This year, the Native American Student Affairs department at the University of Arizona is commemorating the month by remembering the roots of indigenous people and their history. In the United States, November is dedicated, on a national level, to the indigenous community.
“We are bringing faculty [and] community leaders, and we are having a real discussion on not giving up who you are, even when you come to college,” said Tiffany Sorrell, a graduate assistant who is part of NASA and a member of the Diné Tribe.
According to Sorrell, for a long time, native people have been told to assimilate and that if they want to be successful on campus they have to go with mainstream standards. However, “by talking to faculty members, they’re able to empower our students to keep their identity and thrive with it,” Sorrell said.
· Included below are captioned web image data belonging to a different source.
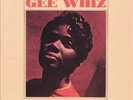 Gee Whiz by Carla Thomas.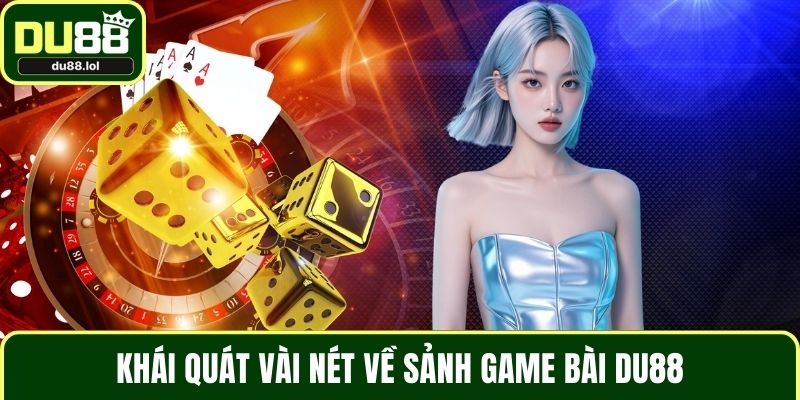 Game Bài DU88 - Đa Dạng Các Lựa Chọn Trò Chơi Kịch Tính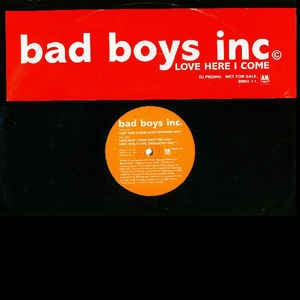 Bad Boys Inc. - Love Here I Come (Maxi-Single) (Promo) Maxi-Singles VINYLSINGLES.NL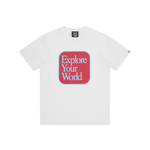 EXPLORE YOUR WORLD T-SHIRT - WHITE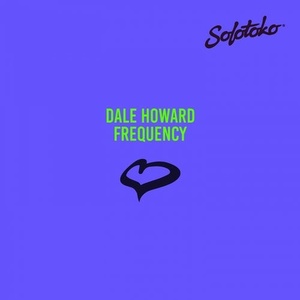 Dale Howard - Frequency [SOLOTOKO033]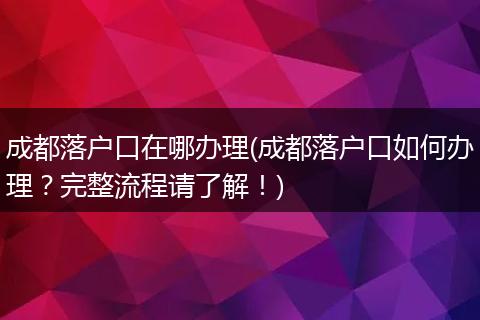 成都落户口在哪办理(成都落户口如何办理？完整流程请了解！)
One event NASA held earlier this month was a Diné language and cultural program with Lyle Harvey, a Diné language coach. Harvey visited NASA and interacted with the students, singing songs and telling tales of the Diné people and their origin.
Harvey said the connection between the native people and their native tongue is essential in terms of identity. In order to connect to one’s indigenous roots, one must learn the language and be conscious of the history.
“November is a month where we are reminded of our ancestors and our heritage, but why should it be just this month?” said senior Austin Velasquez, an Apache-affiliated criminal justice major. “It should be every day where we should remember our heritage and that we exist.”
According to faculty, something NASA would like to see more of is a conscious recognition of Native American people’s presence at the university, along with recognizing that the university is located on Tohono O'odham land.
“Words are powerful, really advocating for more support for indigenous people, and our communities, by incorporating acknowledgement of the ancestral lands that the university is guest on would be a sign of support,” said NASA coordinator Rachelle Simpson of the Acoma Tribe.
Incorporating Indigenous People’s Day on the calendar, instead of Columbus Day, could be a way to recognize UA’s native population.
The city of Tucson, as well as Arizona State University, have recognized this and changed their calendars to Indigenous People’s Day, but the UA calendar hasn’t, Simpson said.
Other events in November that recognize the indigenous communities at the UA include Hopi Top Making on Nov. 17, the True Meaning of Thanksgiving Potluck event on Nov. 20, Native American Heritage Night at the UA women’s basketball game on Nov. 28 and a closing blessing on Nov. 30.
“Anyone is welcome to come to our events. No matter where you are from or what your heritage is, you can learn about different indigenous cultures,” Simpson said.